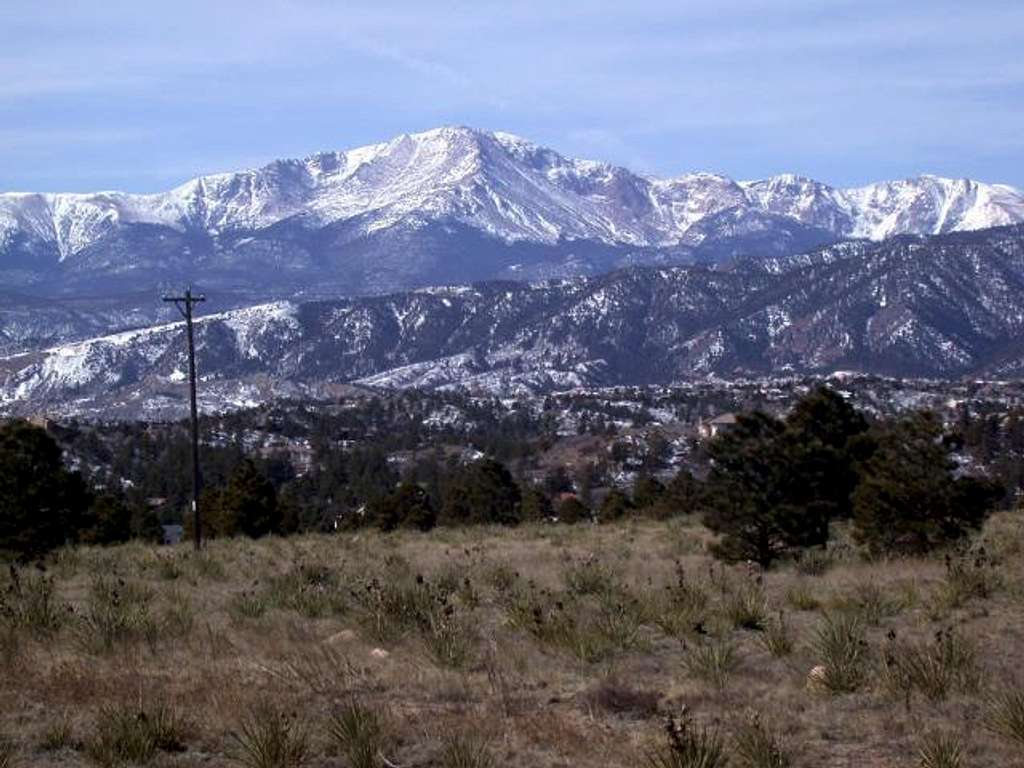 Pikes Peak from southbound...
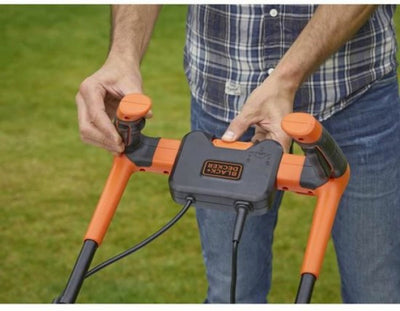 Black+decker tondeuse à gazon black decker 42cm 1800w - vélo avec poignée bemw481bh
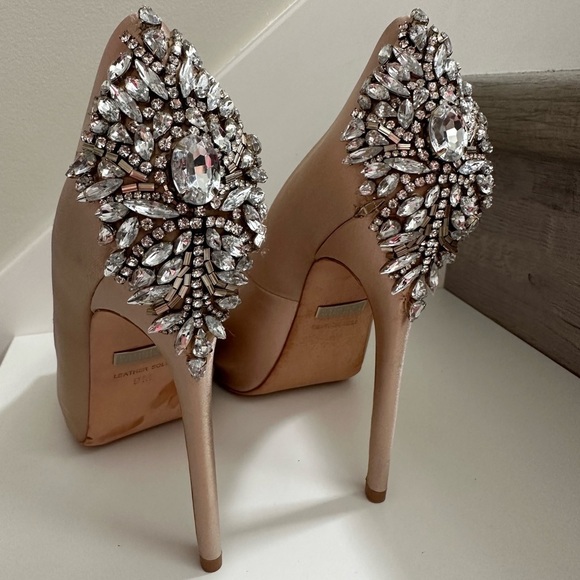 BADGLEY MISCHKA
Kiara Embellished
Peep-toe Pump size 9 Heels - Picture 4 of 14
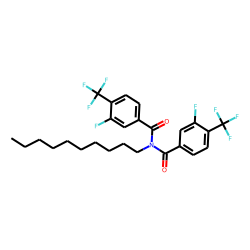 Benzamide, 3-fluoro-4-trifluoromethyl-N-(3-fluoro-4-trifluoromethylbenzoyl)-N-decyl-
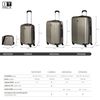 Juego De Maletas De Viaje Ligeras 3 Pzs. Set Trolley Abs 4 Ruedas Cabina + Grande + Necese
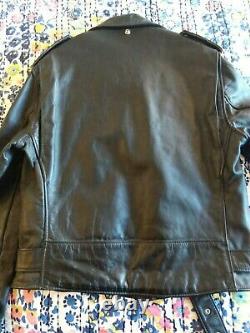 Schott perfecto black leather motorcycle jacket Size 44 Long, Made in USA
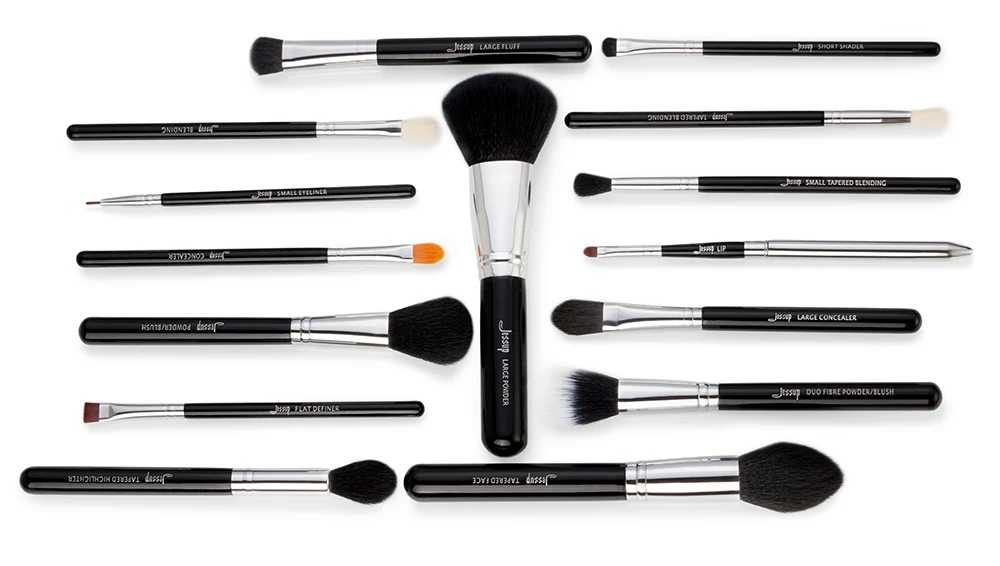 Джессап кисти 15 шт. кисти для макияжа Brush Set Тени для век Корректоры для лица Подводка для глаз губ Кисточки инструмент T092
--------------------------------
About this task -
Leave the pictures out. Transcribe exactly the lines from the one with "Kiara Embellished" through the end of the records.

Your solution -
Kiara Embellished
Peep-toe Pump size 9 Heels - Picture 4 of 14
 Benzamide, 3-fluoro-4-trifluoromethyl-N-(3-fluoro-4-trifluoromethylbenzoyl)-N-decyl-
 Juego De Maletas De Viaje Ligeras 3 Pzs. Set Trolley Abs 4 Ruedas Cabina + Grande + Necese
 Schott perfecto black leather motorcycle jacket Size 44 Long, Made in USA
 Джессап кисти 15 шт. кисти для макияжа Brush Set Тени для век Корректоры для лица Подводка для глаз губ Кисточки инструмент T092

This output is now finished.